US journalism association cancels Chicom PR for Ol2008 (new)

A very interesting discussion here:

poynter.org/content/content_view.asp?id=82199

This past weekend, at the most recent reunion, a simmering debate over what some US journalists see as a redefinition of the Neiman Foundation’s basic mission exploded into a firestorm over a plan by Nieman curator Bob Giles to host a group of 40 Chinese communist officials next month in Boston to help them deal with the media manipulation while covering the 2008 Olympic Games in Beijing.

Wonder if this story will ever get reported here in Taiwan?
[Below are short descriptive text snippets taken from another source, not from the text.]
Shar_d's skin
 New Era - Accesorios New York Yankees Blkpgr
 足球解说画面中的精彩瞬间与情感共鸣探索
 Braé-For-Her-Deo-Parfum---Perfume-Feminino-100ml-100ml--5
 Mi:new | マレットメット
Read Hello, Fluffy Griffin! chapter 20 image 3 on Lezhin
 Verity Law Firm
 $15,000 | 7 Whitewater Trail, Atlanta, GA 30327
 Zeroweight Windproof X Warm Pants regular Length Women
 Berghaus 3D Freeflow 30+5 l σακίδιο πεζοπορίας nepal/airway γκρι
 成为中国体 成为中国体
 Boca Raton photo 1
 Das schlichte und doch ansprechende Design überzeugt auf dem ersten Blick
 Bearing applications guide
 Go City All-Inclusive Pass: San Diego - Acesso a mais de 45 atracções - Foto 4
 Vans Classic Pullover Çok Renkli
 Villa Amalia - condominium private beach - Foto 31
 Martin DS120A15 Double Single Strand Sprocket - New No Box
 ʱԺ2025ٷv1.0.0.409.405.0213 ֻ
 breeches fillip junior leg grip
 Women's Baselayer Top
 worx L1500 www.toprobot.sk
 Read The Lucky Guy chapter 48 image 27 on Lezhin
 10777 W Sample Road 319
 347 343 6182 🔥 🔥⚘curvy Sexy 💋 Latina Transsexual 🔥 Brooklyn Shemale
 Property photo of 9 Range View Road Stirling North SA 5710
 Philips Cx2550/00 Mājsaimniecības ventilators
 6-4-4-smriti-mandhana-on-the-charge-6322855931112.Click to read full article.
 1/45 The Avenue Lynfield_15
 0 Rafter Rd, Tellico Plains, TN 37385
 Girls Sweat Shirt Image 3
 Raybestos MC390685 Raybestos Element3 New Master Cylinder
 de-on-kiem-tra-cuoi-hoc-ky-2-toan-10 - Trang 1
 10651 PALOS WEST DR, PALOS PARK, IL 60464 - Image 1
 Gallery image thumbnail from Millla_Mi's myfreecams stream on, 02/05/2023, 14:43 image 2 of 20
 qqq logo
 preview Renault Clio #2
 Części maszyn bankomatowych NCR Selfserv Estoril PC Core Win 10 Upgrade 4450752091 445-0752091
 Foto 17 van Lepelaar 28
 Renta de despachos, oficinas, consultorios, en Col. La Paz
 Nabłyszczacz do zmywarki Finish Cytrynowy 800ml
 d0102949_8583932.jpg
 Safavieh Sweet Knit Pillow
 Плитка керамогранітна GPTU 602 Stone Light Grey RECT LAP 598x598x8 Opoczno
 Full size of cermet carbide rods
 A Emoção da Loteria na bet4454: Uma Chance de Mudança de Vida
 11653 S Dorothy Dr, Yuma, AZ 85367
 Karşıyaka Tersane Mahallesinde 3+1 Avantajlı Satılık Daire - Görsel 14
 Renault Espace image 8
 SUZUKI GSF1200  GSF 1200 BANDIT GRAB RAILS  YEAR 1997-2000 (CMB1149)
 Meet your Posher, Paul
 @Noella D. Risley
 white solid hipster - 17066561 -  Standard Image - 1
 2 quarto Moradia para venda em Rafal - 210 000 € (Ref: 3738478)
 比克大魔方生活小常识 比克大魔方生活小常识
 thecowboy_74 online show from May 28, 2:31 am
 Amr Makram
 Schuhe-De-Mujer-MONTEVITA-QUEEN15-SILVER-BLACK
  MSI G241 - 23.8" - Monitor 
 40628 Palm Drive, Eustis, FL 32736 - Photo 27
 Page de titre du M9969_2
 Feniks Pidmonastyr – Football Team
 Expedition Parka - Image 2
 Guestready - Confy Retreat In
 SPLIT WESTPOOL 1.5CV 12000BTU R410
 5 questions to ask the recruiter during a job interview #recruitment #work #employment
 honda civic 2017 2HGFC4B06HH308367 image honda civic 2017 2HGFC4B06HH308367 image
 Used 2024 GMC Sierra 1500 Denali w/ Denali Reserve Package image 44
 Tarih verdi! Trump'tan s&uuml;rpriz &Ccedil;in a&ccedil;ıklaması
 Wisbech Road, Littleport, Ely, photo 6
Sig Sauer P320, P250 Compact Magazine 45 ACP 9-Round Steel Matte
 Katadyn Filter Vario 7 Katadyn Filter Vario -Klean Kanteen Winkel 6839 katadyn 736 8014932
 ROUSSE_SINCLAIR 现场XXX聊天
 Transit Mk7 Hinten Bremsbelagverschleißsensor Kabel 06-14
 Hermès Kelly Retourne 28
In any of the local papers…Wonder if the Washington Post or Boston Globe or UK Guardian will write about this.

“There is a real danger that the Nieman name will be attached to what amounts to an exercise in public relations for the Chinese government in how to manipulate the western press,” she said. “You have to find ways to engage the Chinese government but this really does not seem to be the way…”

Jun-tao Wang, a 1996 mainland Chinese Nieman fellow, made an eloquent argument against the Harvard proposal on the grounds that it is an inappropriate role for the Nieman Foundation.

“The Chinese communists know that democracy is their enemy…They want to know how to deal with the press…They want to know how to lie to the press,” he said. [Wang is now working on his Ph.D. at Columbia University.]

Boston Globe editorial against this program

boston.com/news/globe/editor … hina_deal/

New York Times report on this:

nytimes.com/2005/05/10/busin … ieman.html?

UPDATE

due to international pressure, maybe from some forumosa.com postes here, Harvard’s Nieman has pulled out of China deal “to protect our good name”

poynter.org/forum/view_post.asp?id=9515

QUOTE
Nieman curator Bob Giles says the controversy put the reputation of the Nieman Fellowship program at risk, and it was necessary to act to protect our good name." He adds: “As I listened to the discussion last Sunday and considered the controversy, it was clear that the question was no longer whether to explain the original idea but rather the obligation to protect the Nieman name.”